> [EXERCISE]
Only the lines from the one with "218 East 36th Street - Photo 1" through the last line of the data below are to be duplicated, exactly and without pictures.

> [DATA BELOW]

=== Section Start ===

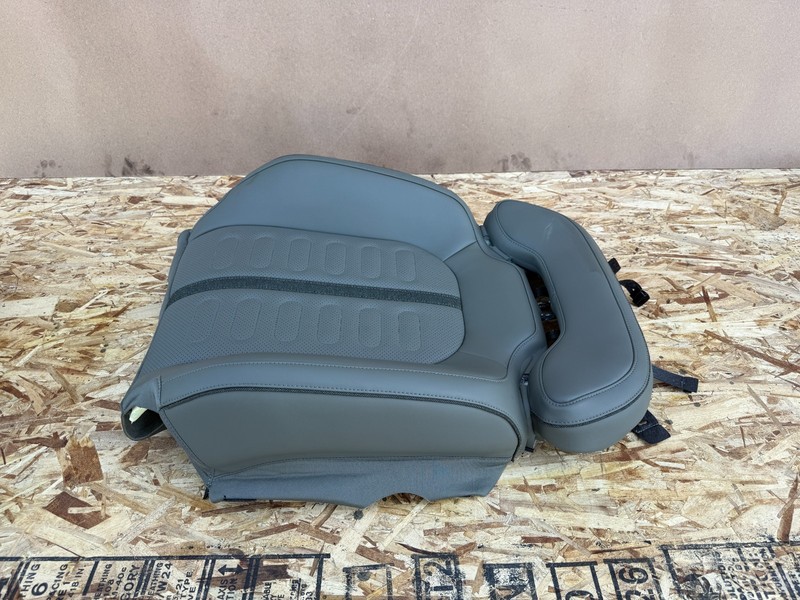 RIVIAN R1S R1T 2022-2026 OEM FRONT RIGHT PASSENGER UPPER SEAT SKIN CUSHION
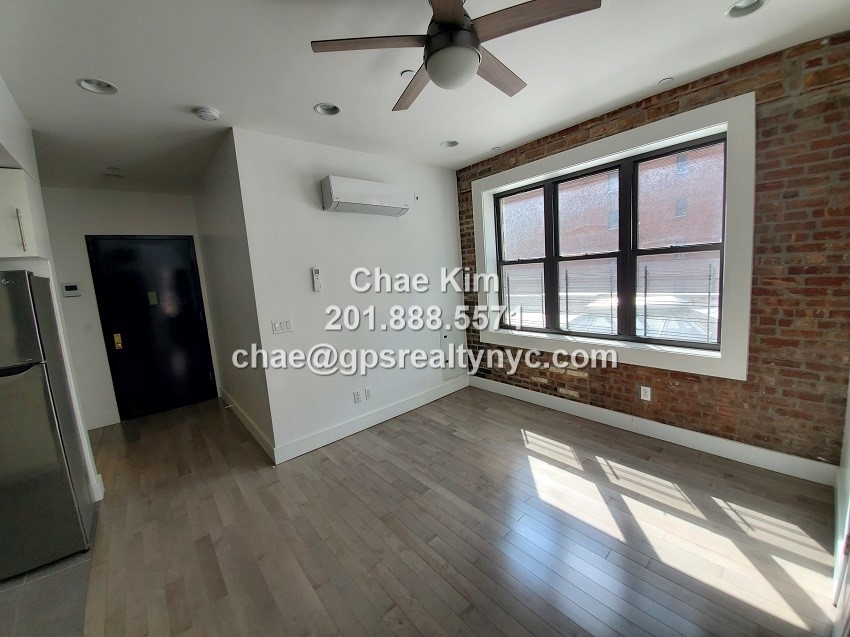 218 East 36th Street - Photo 1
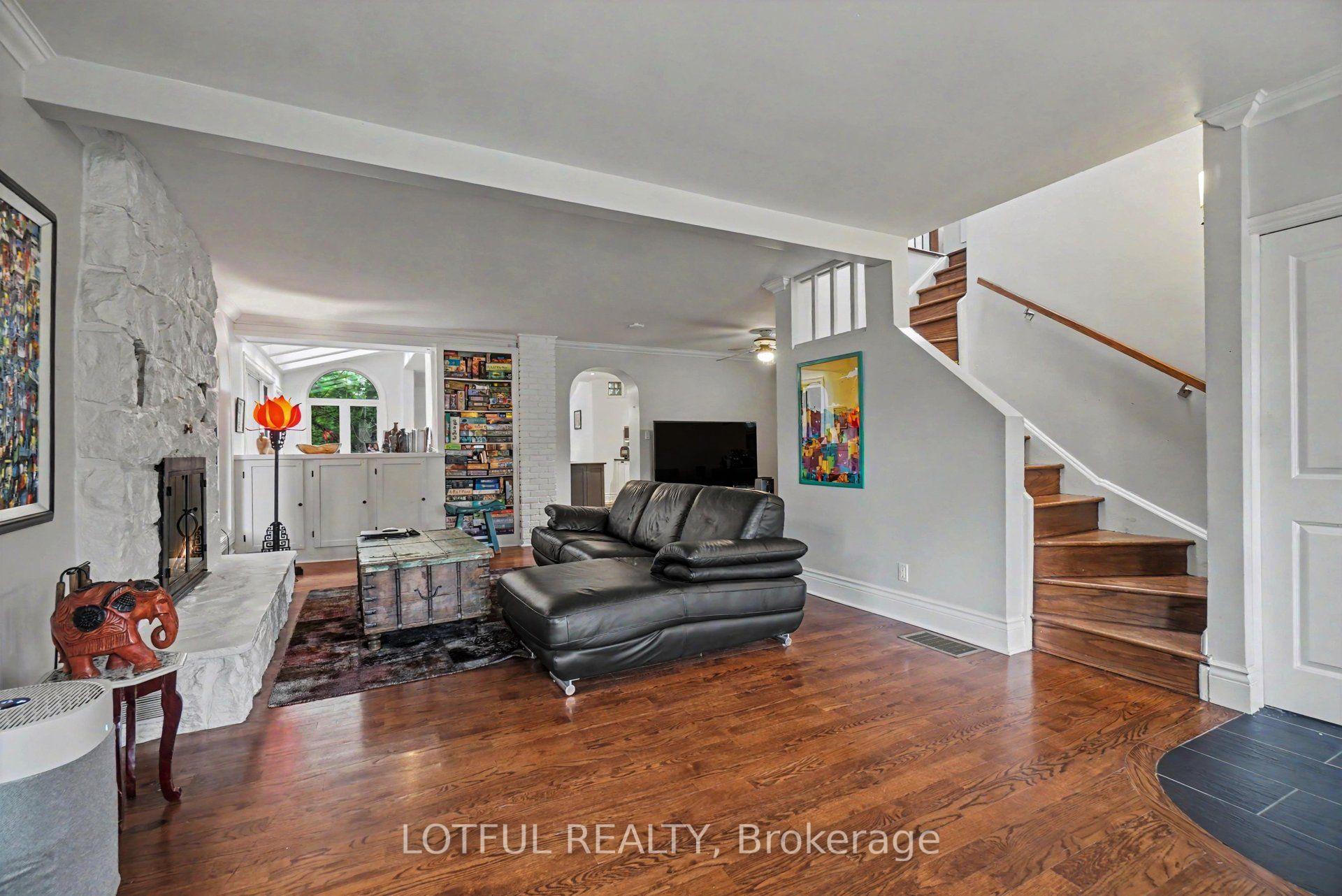 Photo 3 of 518 Hilson Avenue, Ottawa, Westboro/Hampton Park — HOMEH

=== Section End ===

> [ANSWER]
 218 East 36th Street - Photo 1
 Photo 3 of 518 Hilson Avenue, Ottawa, Westboro/Hampton Park — HOMEH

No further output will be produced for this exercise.